How many of these mass shootings must the US endure before its people come to their senses and realise that they have a massive problem with firearms? How many more children have to die?
The right to bear arms is deeply ingrained and highly cherished, but I’m obliged to ask: is that right worth even the life of one child? (Someone else’s child, presumably)
Surely it is time for the US to give up it’s selectively fundamentalist reading of the 2nd amendment. Selectively? Yes, indeed. The ‘right to bear arms’ is predicated on the need for ‘a well-regulated militia’. But it is no longer true that a ‘well-regulated Militia’ is ‘necessary to the security of a free State’. Where in the modern civilised world would you find such a thing?
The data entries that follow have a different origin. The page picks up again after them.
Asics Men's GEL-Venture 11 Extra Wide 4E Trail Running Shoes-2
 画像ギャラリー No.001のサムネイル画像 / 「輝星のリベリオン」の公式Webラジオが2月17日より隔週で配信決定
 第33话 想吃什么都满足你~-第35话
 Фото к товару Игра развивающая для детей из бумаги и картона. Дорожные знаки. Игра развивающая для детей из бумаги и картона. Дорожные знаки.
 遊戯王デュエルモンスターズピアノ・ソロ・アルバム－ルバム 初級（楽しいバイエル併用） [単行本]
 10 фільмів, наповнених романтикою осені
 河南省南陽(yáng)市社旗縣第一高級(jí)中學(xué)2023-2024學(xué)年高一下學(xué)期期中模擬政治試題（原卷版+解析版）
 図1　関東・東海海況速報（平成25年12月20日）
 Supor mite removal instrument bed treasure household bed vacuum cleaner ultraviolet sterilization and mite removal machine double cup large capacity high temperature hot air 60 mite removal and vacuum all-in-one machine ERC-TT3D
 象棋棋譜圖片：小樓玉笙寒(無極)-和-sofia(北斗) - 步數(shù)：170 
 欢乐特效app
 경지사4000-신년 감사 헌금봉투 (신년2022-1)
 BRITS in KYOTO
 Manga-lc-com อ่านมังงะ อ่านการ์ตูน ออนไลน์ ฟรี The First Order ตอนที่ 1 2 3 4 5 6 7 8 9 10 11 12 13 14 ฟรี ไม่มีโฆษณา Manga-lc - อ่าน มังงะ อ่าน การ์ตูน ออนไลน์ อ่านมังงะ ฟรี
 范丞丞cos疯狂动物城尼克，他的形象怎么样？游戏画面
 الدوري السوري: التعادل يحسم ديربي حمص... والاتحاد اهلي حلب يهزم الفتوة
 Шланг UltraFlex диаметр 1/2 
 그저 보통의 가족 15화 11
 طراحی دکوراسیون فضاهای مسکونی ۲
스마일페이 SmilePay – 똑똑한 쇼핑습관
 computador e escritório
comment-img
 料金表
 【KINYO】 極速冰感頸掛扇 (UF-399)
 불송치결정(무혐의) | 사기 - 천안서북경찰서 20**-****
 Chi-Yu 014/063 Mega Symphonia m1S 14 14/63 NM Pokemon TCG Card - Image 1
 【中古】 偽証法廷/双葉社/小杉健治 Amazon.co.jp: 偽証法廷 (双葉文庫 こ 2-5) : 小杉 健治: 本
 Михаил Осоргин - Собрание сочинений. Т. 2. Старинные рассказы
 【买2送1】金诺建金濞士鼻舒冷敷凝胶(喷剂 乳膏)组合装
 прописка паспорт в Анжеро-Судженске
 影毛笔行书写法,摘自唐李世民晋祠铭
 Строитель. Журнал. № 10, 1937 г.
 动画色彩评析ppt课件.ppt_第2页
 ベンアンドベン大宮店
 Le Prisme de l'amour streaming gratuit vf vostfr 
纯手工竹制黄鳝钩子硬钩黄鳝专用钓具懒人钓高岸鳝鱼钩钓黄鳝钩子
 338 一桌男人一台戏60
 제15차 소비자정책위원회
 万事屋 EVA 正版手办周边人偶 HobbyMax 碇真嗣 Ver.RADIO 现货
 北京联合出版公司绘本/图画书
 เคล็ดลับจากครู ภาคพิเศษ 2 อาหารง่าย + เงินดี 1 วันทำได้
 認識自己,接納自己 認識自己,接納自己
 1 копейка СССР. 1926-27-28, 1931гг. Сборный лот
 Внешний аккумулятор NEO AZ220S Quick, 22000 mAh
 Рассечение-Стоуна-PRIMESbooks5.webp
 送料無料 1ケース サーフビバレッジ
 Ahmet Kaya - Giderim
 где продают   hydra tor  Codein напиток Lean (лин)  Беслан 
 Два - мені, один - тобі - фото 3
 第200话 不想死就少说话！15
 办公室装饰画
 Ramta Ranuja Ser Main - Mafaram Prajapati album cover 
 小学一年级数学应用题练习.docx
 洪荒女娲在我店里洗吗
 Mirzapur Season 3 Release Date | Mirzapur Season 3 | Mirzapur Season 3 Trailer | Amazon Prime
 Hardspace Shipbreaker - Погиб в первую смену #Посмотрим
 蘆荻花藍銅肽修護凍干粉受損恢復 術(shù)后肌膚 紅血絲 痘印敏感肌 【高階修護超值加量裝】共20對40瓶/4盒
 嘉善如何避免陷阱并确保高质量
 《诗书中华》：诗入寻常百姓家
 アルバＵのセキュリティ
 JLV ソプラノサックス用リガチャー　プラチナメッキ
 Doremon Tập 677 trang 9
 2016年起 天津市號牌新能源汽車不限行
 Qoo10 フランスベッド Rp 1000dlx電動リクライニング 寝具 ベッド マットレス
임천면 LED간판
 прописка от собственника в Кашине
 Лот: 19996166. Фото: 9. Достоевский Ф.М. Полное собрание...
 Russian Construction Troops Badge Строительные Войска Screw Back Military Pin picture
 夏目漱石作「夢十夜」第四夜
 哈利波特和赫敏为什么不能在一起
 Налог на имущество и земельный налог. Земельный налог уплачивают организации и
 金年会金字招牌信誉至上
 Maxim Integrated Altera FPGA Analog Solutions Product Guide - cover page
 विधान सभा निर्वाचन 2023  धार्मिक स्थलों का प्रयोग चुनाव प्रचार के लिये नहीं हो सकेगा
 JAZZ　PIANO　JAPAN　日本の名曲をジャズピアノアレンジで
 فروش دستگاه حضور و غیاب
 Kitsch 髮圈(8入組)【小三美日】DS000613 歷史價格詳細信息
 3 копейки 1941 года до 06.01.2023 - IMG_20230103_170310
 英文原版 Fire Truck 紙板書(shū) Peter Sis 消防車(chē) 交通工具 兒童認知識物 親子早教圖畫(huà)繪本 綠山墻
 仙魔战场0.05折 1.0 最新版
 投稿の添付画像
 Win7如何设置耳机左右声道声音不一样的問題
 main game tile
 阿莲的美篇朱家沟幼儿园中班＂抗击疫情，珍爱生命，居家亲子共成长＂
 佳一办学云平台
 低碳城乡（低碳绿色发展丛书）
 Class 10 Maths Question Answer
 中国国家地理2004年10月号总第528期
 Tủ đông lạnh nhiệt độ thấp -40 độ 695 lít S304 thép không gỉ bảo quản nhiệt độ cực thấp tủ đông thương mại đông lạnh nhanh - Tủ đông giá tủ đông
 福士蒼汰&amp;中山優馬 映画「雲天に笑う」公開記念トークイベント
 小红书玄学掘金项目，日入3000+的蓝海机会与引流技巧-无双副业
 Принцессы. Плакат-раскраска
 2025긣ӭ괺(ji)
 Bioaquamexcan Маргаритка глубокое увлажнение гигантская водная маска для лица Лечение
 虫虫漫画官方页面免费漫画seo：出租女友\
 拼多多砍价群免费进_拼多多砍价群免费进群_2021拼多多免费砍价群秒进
Certainly not the good old US of A. In any case, as many others have pointed out, this amendment was made at a time when a typical firearm was hand made, single shot, slow to load and of limited range: a far cry from the weapons which are widely available to Joe Public today. Every preacher knows, or should know, that a text without a context is just a pretext. What’s true of the Bible is just as true of the US constitution and its amendments. Context is everything.
Much has been made of Adam Lanza’s mental health, but the more important question is what these event tell us about the collective mental health of a nation addicted to gun ownership. The simple truth is that the US has far too many firearms for its own good. Paranoia about personal safety and security has driven a society to accept levels of violence that would cause an outcry in most other western nations. People keep guns for their own protection, and in so doing make everyone more vulnerable to their misuse.
But there is an easy way for the law-abiding to prove that they’re not addicted to their weapons: give them up. Hand them over. Get them decommissioned. But don’t give in to the demon voices telling you that you need them to keep you safe.
Because they’re killing you. And your children.